These are the caveats that perfect Autumns are made of. And the good news for Stephen King fans is that they won’t have to wait until Halloween to get their fill of fall fright. In fact, the season sees not one, not two, but a trifecta of terror from the master scribe as three of his cinematic adaptations finally come home to Blu-ray. The 1979 television mini-series Salem’s Lot and the 1985 big screen anthology Cat’s Eye both made their Blu-ray debut last week; King’s other epic 1990 TV mini-series, It, hits shelves on October 4.
Though now decades old, all three films benefit from their new Blu-ray cleanups. The Salem’s Lot vampires look even more un-deadlier, the Troll King of Cat’s Eye is less herky but still just as jerky and It’s Pennywise, the living embodiment of fear wrapped in clownskin is still…well, Pennywise…but a whole lot sharper (and there’s not much more unsettling than an HD Pennywise). Though none of the trio feature much more in the way of Blu-ray extras than audio commentaries, each respective film holds its own against bigger budget/bigger screen counterparts.
And like all things King, some hefty narrative is woven into the spooky fringes. Much the same as in many of his other works (Carrie, Children of the Corn, and even the dog-centric Cujo, who makes a brilliant cameo in Cat’s Eye), the protagonists in these three Blu-ray beauties are all faced with the inevitable loss of innocence.
Young Ralphie and Danny Glick (Ronnie Scribner and Brad Savage) are forced to leave their childhoods behind when they become some off the earliest victims of vampirism in the cursed hamlet of Salem’s Lot.
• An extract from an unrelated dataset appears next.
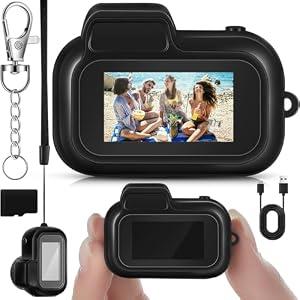 Relaxweex Mini Keychain Camera 1080p Small Retro Portable Photo Video Camera 100 Mins Battery Life Micro Video Camcorder for Travel Study Recording (64gb)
In Cats’s Eye, although little Amanda (Drew Barrymore) is certain a belligerent imp is haunting her room, she can’t seem to convince her parents. If she wants to survive, she will have do the grownups’ job and combat the pint-sized evil herself (with a little help from a protective tomcat).
And Losers Inc., the ragamuffin protagonists of It, must confront their darkest fears long before anyone should have to, but later realize that adulthood can still be plagued by the demons of youth.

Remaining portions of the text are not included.